Red Hat Bugzilla – Bug 204468
xen VM goes zombie
Last modified: 2007-11-30 17:11:41 EST
Description of problem:
After updating to latest versions (with "yum update") virtualisation has become
unstable. Before update the system was very stable (I don't recall it ever
The system has 2 virtual machines running:
# xm list
Name ID Mem(MiB) VCPUs State Time(s)
Domain-0 0 2268 1 r----- 54.9
Hammerkit 4 256 1 ------ 15.3
sanakirja 3 512 1 ------ 659.6
When the system has been running for couple of hours, VM "sanakirja" goes into
zombie state and VM "Hammerkit" looses network connectivity (it can still be
reached with "xm console"). Networking in Dom0 is unaffected.

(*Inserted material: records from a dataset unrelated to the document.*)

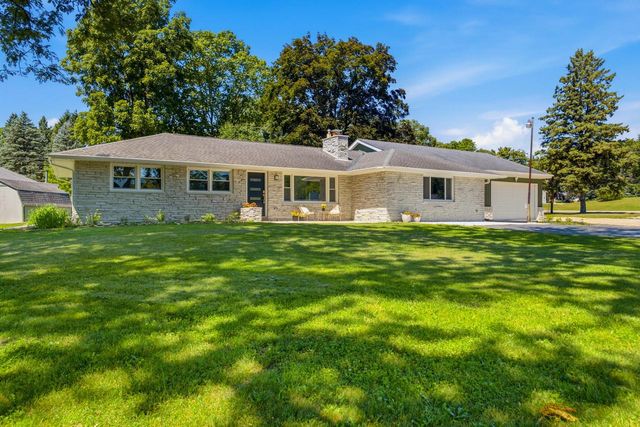 W224N8095 Susan PLACE, Lisbon, WI 53089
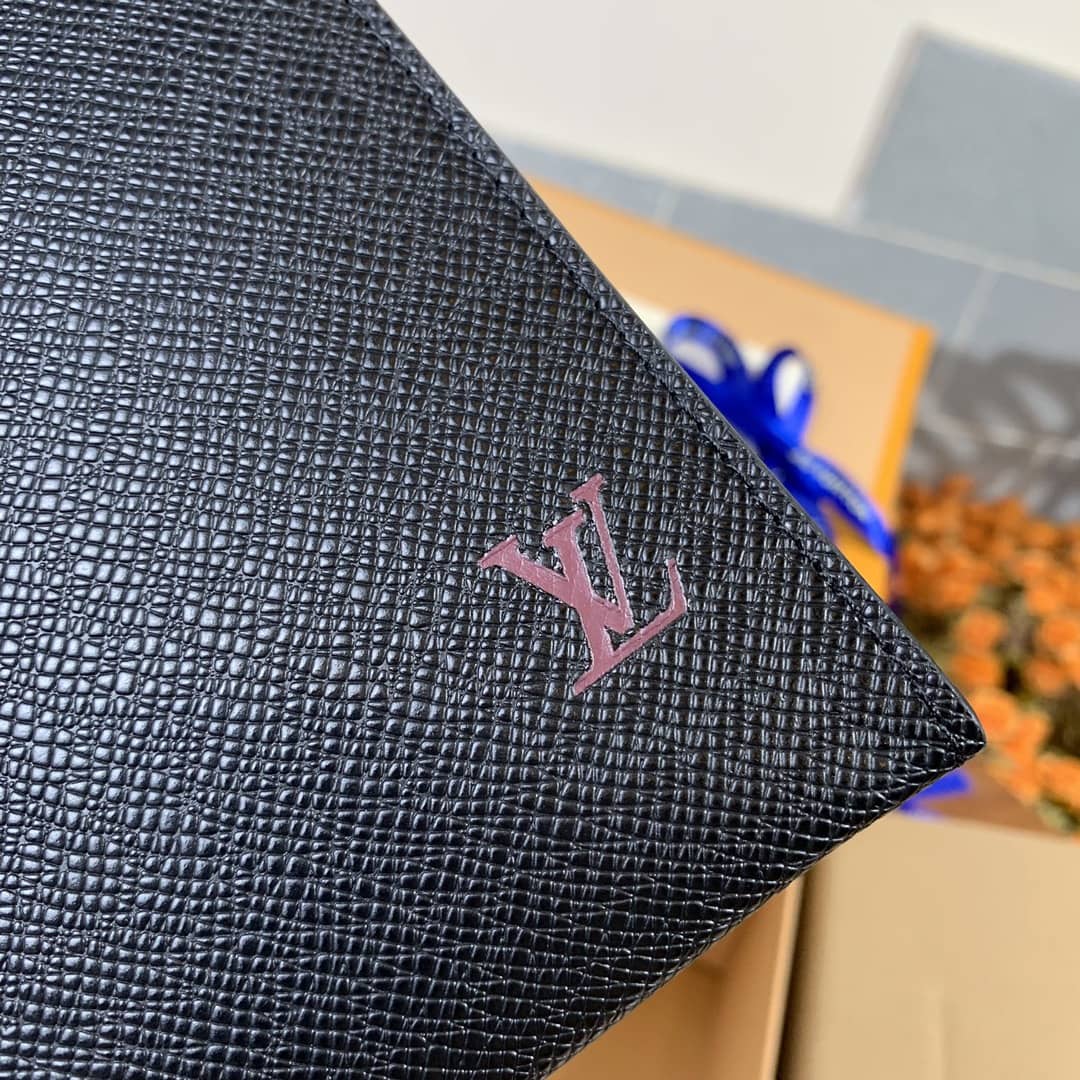 L0vis Vvtt0n Pochette Voyage MM Taiga Leather Replica Blue Red Black M30718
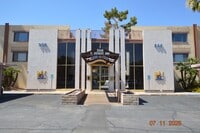 Building Photo - 356 E Desert Inn Rd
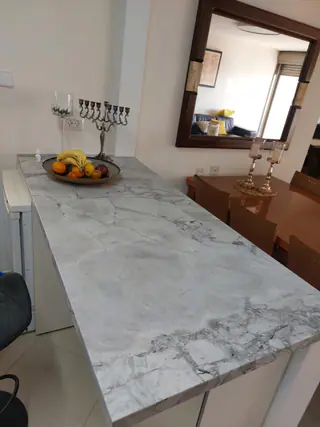 עבודה של יהודה, קבלן שיש (37)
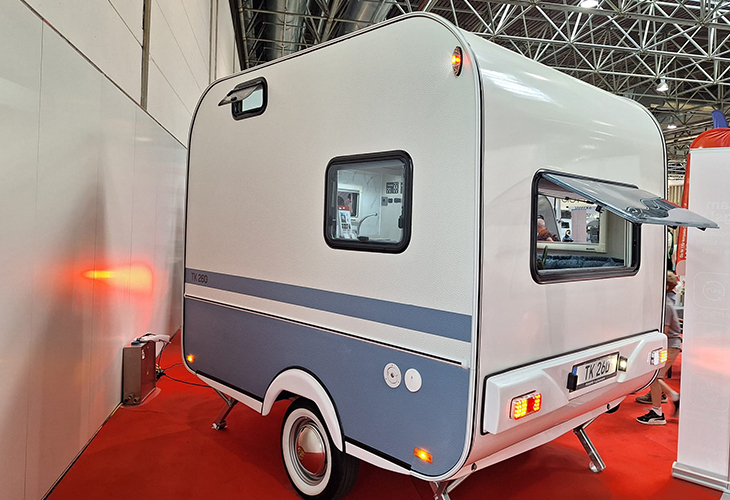 De compacte Tosbiq 260 caravan op de beursstand van de Caravan Salon Düsseldorf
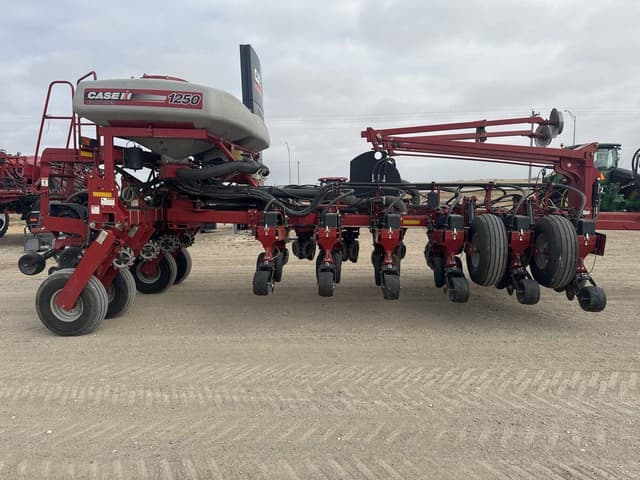 Image of Case IH 1250 equipment image 2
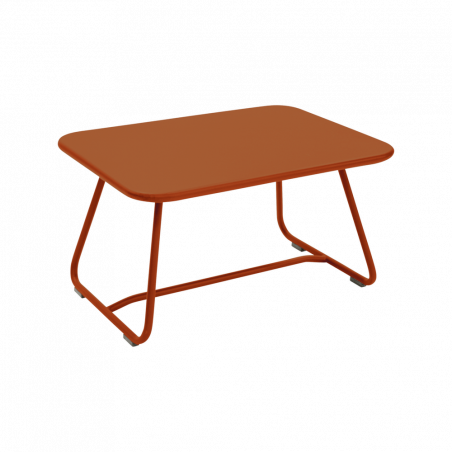 Leichter Tisch Sixties von Fermob in kandierte orange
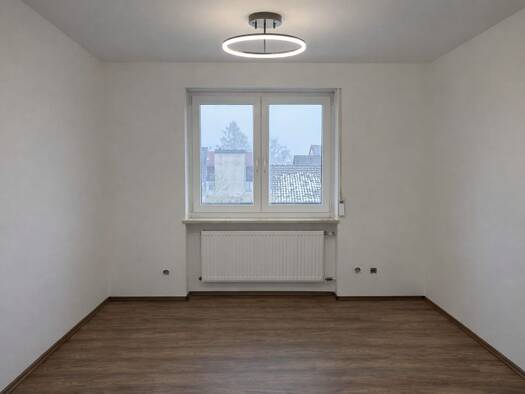 Wohnung zur Miete 1.100 € 3,5 Zimmer 92 m² Geschoss EG/3 frei ab 01.05.2026 Eugenbach Altdorf 84032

The zombie VM can not be destroyed, nor is it possible to restart it. Normal
operation can be restored for a while by rebooting Dom0.
Version-Release number of selected component (if applicable):
DomU: (both VMs)
Crashes in less than 24 hours after rebooting the system.
Created attachment 135120 [details]
Output from xen-bugtool
I'd like to "vote" for this bug as well.
I've seen this one too with the 2.6.18-rc3 based XEN-enabled kernel, on x86_64
(single CPU). One domU crashed without obvious reason, network to the other two
went dead, and xend would fail to restart the domain (restarting too fast). When
logging in "xm list" told me "Domain 0 not connected". A restart of xend made me
see the two other domU's, attaching console worked. Killing them left the vif*
devices laying around, and starting new domains was impossible due to "hotplug
problems". Before the incident hotplug worked fine though. Only a reboot helped
the machine out of that state.
I've seen this on two distinct hosts, one host even showed the phenomenon three
times a day, after two weeks without problems. I looked into all logs, but
nothing special there, looks identical to the xenbug.tar.gz posted here.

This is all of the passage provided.